DATA BLOCK -
★ ★ ★ ★ ★

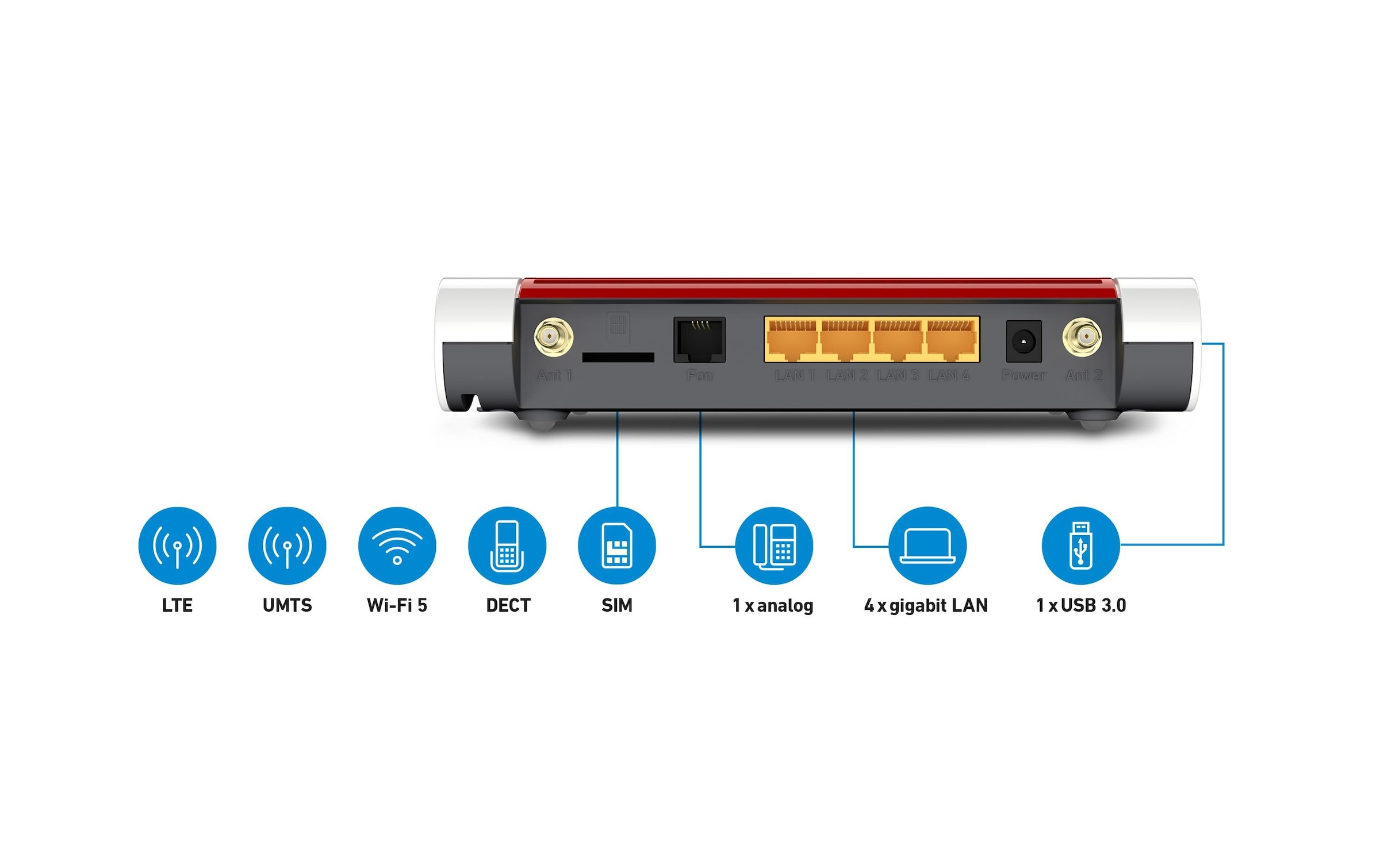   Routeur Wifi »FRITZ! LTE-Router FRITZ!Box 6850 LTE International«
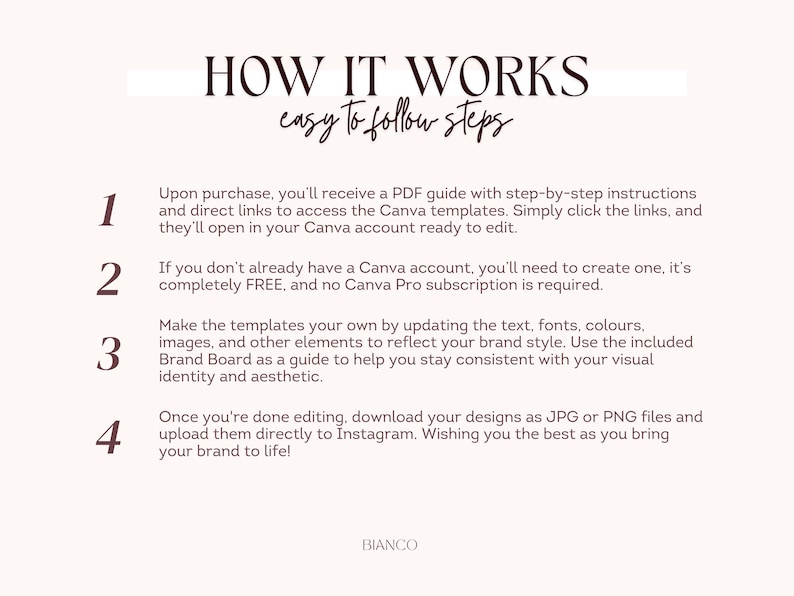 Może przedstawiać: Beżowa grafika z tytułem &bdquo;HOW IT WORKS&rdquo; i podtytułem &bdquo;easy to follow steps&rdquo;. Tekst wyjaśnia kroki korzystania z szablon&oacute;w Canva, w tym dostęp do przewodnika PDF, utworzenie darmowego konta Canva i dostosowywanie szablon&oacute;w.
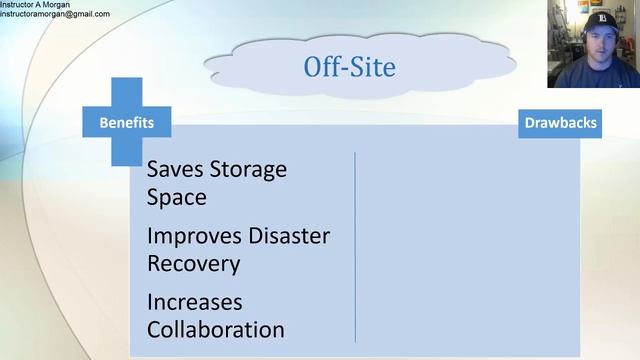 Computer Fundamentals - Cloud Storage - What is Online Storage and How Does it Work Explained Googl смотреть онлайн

★ ★ ★ ★ ★

EXERCISE OBJECTIVE -
The answer must consist solely of the lines from the one with "Może przedstawiać: Beżowa" through the final line of the data, each reproduced exactly and with pictures omitted.

RESPONSE -
 Może przedstawiać: Beżowa grafika z tytułem &bdquo;HOW IT WORKS&rdquo; i podtytułem &bdquo;easy to follow steps&rdquo;. Tekst wyjaśnia kroki korzystania z szablon&oacute;w Canva, w tym dostęp do przewodnika PDF, utworzenie darmowego konta Canva i dostosowywanie szablon&oacute;w.
 Computer Fundamentals - Cloud Storage - What is Online Storage and How Does it Work Explained Googl смотреть онлайн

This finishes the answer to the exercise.